ZJONSSON / parquetjs

fully asynchronous, pure JavaScript implementation of the Parquet file format
MIT License
34 stars 61 forks source link

Wrong value from a DOUBLE column with repeating values #48

Open muratcorlu opened 4 years ago

muratcorlu commented 4 years ago

I have a parquet file that has 10k records in it. It has 7 columns that are strings and 1 is Double. When I read this file and convert them to a sql query(batch insert) I realized that somewhere in the file, it starts to give a different value for this double column. My iteration code is very simple;

    while (record = await cursor.next()) {
      count++;
      if (queryData) {
        queryData += ',';
      }
      queryData += `("${record.someId}","${record.someId2}","${record.someId3}","${record.someId4}","${record.readDate}",${record.readValue},"${record.unit}")`;
    }

record.readValue is the double column. Parquet file is written with parquet-mr version 1.10.1. I couldn't find a clear correlation about wrong values. Here is screenshot from a diff of the result of same parquet file with has been read with a different reader and parquetjs-lite reader.

image

When same value starts repeating in actual data, parquetjs-lite reader starts using a different value(1542.3070...) then correct one. And that value is not a "random" value actually. It one of the values from document, but from another index(somewhere in previous rows).

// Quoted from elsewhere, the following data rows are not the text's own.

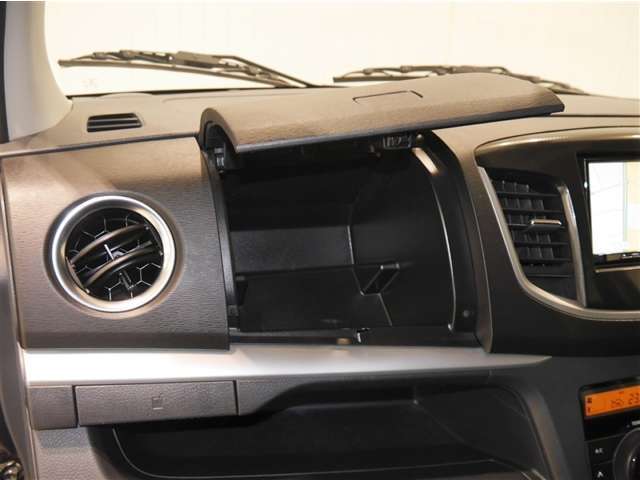 リッド付きインパネBOX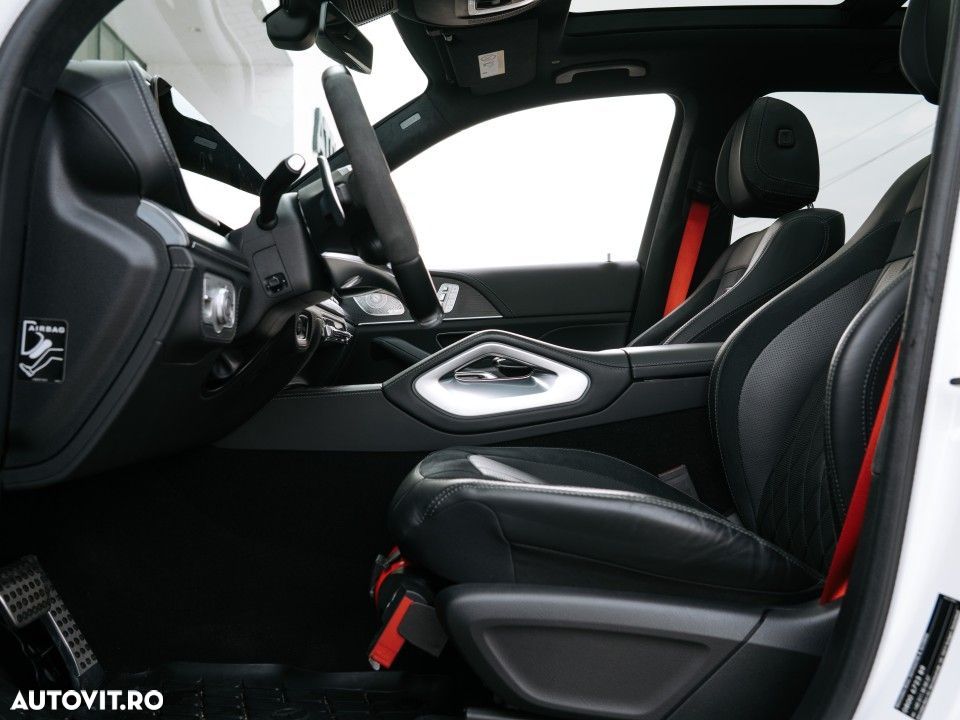 Mercedes-Benz GLE - 12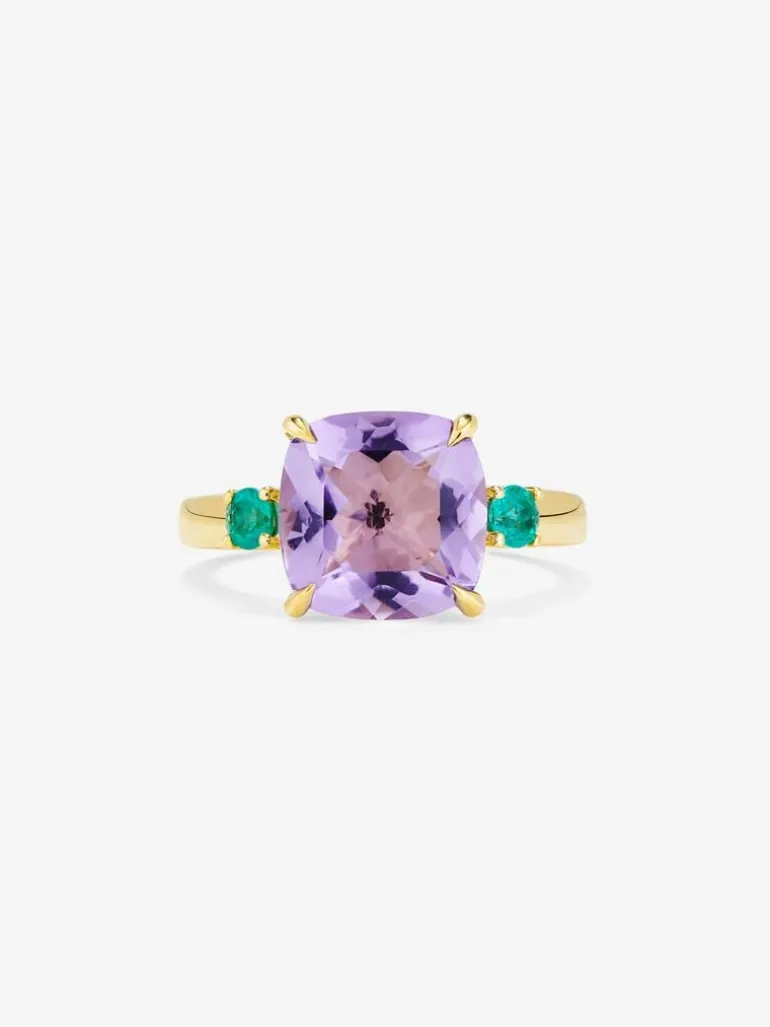 Anillo tresillo de oro amarillo de 18K con amatista morada en talla cushion de 3,53 cts y 2 esmeraldas verdes en talla brillante con un total de 0,19 cts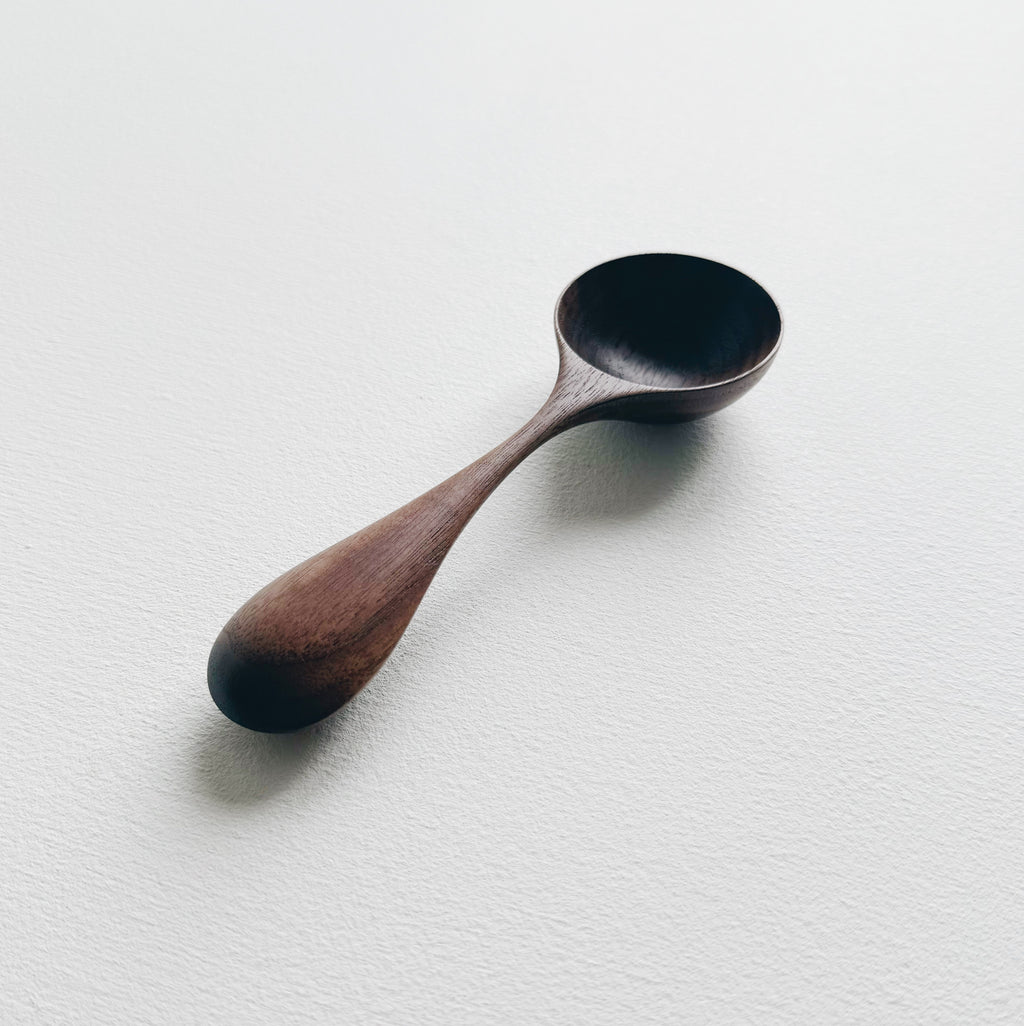Curvy scoop in walnut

I hope I could explain the issue. I tried to debug this problem in last 12 hours but couldn't find a clear cause yet. I only feel that this is something about repetition levels but can not confirm. It's an issue on our production currently. Even I started to write this function with Python just because of this. I hope this can be addressed properly and I can return back to JavaScript.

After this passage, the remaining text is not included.